While Nissan’s solar scheme is only available in the UK for now, it’s easy to see how this sort of setup could improve life in the US. According to the Environmental Protection Agency, 28 percent of greenhouse gases came from transportation in 2016, and 28 percent from electricity. Get more people to combine renewable energy with zero emission driving, and you can start to chip away at more than half of US emissions.
An average US household uses around 30 kWh of electricity per day, so these batteries aren’t meant to take you off the grid or keep you Netflixing through a lengthy power outage. The smaller systems are designed to smooth out the peaks in electricity demand, storing solar generated power during the day for use in the evening, when the sun goes down and the lights, TV, and stove go on.
This kind of local storage takes some of the pressure off over-taxed electricity grids. It also pairs well with the time of use tariffs providers in the US and UK are starting to introduce, where rates vary with demand—climbing at peak time, but lowering overnight.

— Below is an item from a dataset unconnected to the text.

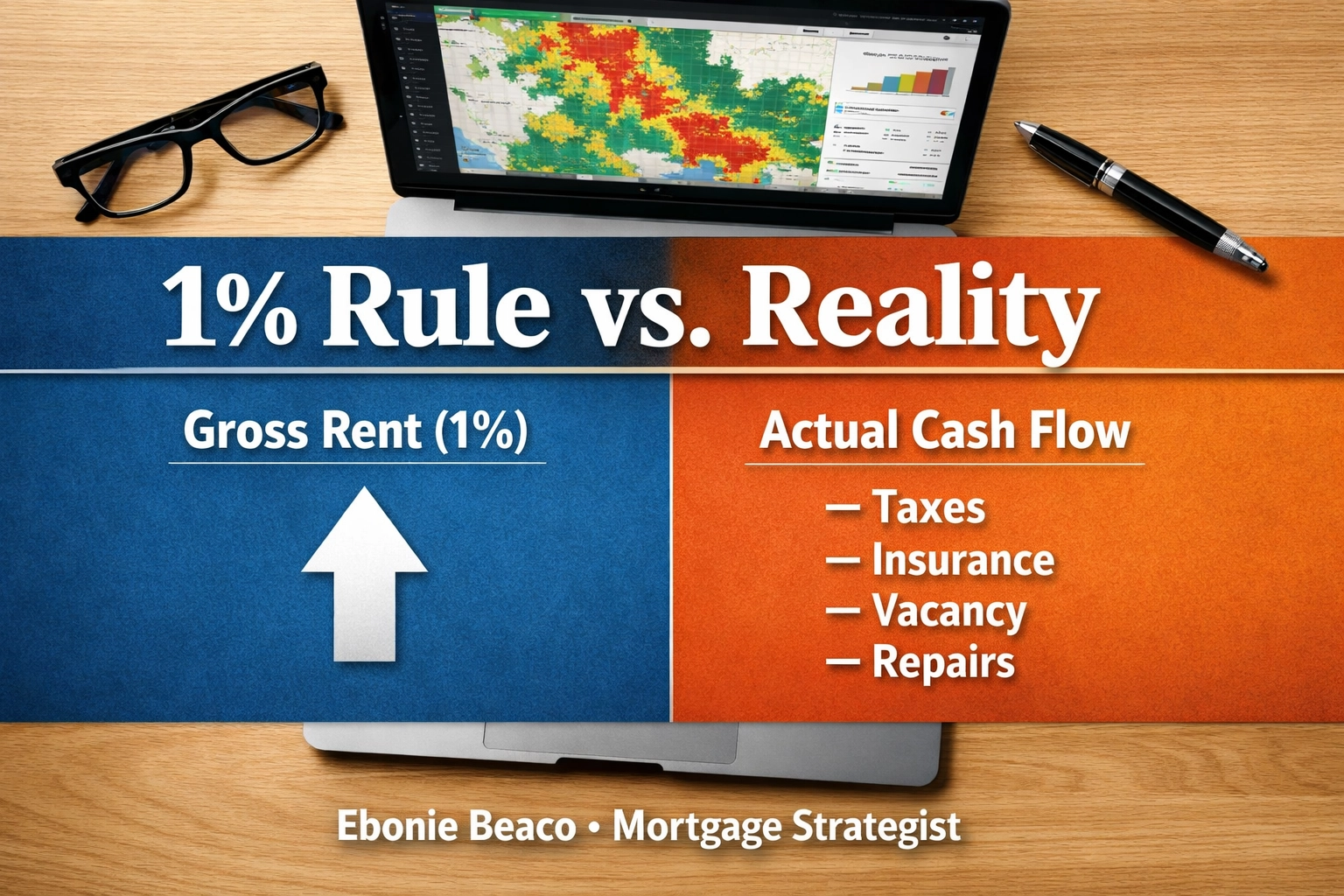 Infographic comparing gross rental income to actual cash flow after operating expenses.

Instead of paying more at peak times, just draw power from the battery your solar panels spent the day filling up. And when prices drop overnight, tap into the grid to charge up your EV. Nissan is also experimenting with the idea of making use of the large battery in electric cars (40 kWh in the Leaf) to power homes, which, with smart controls to maintain adequate driving range, could provide an even more integrated infrastructure solution.
Other solar panel companies offer home batteries, but it makes sense for automakers to jump into this game. They’re increasingly the biggest global customers for batteries, and can control supply chains and prices. Tesla has taken on projects in Australia, Puerto Rico, and Belgium, where racks of batteries help balance demand across the entire grid and reduce the use of natural gas power plants when demand spikes.
For now, Nissan’s has no firm plans to bring the system to the US, but a spokesperson says "we're always looking at ways to bring new, interesting technology to our customers here”. And these products are still niche, without a proven market. BMW has has been quiet recently about a plan it once promoted to sell recycled i3 car batteries. Mercedes-Benz reportedly pulled out of the home energy storage market completely, which in 2016 it said it wanted to develop along with electric cars.
Even if this energy business thing doesn’t work out, automakers are eager to tout their green credentials. Displaying shiny solar panels alongside sparkly vehicles in showrooms is a nice way to do that. And if the EV market does pick up as fast as they’re predicting, inserting themselves into the power supply business could secure them a place in a very sunny future.